** RECORD SET follows **

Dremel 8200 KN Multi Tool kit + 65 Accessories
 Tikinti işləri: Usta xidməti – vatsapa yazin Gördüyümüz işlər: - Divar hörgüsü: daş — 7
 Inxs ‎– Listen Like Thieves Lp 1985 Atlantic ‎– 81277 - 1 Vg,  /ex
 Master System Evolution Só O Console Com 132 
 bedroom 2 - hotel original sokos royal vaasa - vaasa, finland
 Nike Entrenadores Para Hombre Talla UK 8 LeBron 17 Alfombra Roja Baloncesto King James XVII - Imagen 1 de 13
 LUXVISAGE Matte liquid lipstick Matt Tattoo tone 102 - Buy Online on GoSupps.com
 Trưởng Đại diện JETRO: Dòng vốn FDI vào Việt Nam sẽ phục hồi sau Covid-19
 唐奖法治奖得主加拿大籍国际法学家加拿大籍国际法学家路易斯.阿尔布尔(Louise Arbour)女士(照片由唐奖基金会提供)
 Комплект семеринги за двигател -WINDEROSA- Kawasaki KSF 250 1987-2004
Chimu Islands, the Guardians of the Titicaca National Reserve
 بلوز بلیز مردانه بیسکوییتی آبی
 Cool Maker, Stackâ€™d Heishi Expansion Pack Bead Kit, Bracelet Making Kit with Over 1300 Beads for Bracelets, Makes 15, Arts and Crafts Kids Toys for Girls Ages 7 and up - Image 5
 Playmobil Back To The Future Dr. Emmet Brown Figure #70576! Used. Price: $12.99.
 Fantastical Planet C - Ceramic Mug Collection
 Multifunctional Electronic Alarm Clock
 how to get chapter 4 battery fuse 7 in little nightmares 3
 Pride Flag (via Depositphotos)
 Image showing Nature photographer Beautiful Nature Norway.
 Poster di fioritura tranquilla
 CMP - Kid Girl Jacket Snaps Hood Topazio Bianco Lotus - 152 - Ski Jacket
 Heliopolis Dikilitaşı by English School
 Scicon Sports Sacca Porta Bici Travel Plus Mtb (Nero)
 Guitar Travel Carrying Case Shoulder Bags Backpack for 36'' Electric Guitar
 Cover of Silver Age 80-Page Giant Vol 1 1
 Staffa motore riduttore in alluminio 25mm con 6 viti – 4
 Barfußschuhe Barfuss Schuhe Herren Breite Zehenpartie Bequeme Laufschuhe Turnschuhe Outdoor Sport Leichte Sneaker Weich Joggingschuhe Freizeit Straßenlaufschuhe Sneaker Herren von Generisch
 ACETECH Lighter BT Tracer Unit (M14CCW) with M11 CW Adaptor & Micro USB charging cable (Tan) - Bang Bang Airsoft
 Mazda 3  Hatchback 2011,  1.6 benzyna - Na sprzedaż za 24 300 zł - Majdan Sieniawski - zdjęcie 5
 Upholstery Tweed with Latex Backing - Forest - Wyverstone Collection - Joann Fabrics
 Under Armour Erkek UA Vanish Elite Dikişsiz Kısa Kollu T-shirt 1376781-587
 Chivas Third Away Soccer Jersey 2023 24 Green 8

** End of RECORD SET **

Using the entries above, give back exactly the line containing "Tikinti işləri: Usta", the line containing "Staffa motore riduttore", and every line between them, and nothing else.

* **RESULT OF THIS EXERCISE**
 Tikinti işləri: Usta xidməti – vatsapa yazin Gördüyümüz işlər: - Divar hörgüsü: daş — 7
 Inxs ‎– Listen Like Thieves Lp 1985 Atlantic ‎– 81277 - 1 Vg,  /ex
 Master System Evolution Só O Console Com 132 
 bedroom 2 - hotel original sokos royal vaasa - vaasa, finland
 Nike Entrenadores Para Hombre Talla UK 8 LeBron 17 Alfombra Roja Baloncesto King James XVII - Imagen 1 de 13
 LUXVISAGE Matte liquid lipstick Matt Tattoo tone 102 - Buy Online on GoSupps.com
 Trưởng Đại diện JETRO: Dòng vốn FDI vào Việt Nam sẽ phục hồi sau Covid-19
 唐奖法治奖得主加拿大籍国际法学家加拿大籍国际法学家路易斯.阿尔布尔(Louise Arbour)女士(照片由唐奖基金会提供)
 Комплект семеринги за двигател -WINDEROSA- Kawasaki KSF 250 1987-2004
Chimu Islands, the Guardians of the Titicaca National Reserve
 بلوز بلیز مردانه بیسکوییتی آبی
 Cool Maker, Stackâ€™d Heishi Expansion Pack Bead Kit, Bracelet Making Kit with Over 1300 Beads for Bracelets, Makes 15, Arts and Crafts Kids Toys for Girls Ages 7 and up - Image 5
 Playmobil Back To The Future Dr. Emmet Brown Figure #70576! Used. Price: $12.99.
 Fantastical Planet C - Ceramic Mug Collection
 Multifunctional Electronic Alarm Clock
 how to get chapter 4 battery fuse 7 in little nightmares 3
 Pride Flag (via Depositphotos)
 Image showing Nature photographer Beautiful Nature Norway.
 Poster di fioritura tranquilla
 CMP - Kid Girl Jacket Snaps Hood Topazio Bianco Lotus - 152 - Ski Jacket
 Heliopolis Dikilitaşı by English School
 Scicon Sports Sacca Porta Bici Travel Plus Mtb (Nero)
 Guitar Travel Carrying Case Shoulder Bags Backpack for 36'' Electric Guitar
 Cover of Silver Age 80-Page Giant Vol 1 1
 Staffa motore riduttore in alluminio 25mm con 6 viti – 4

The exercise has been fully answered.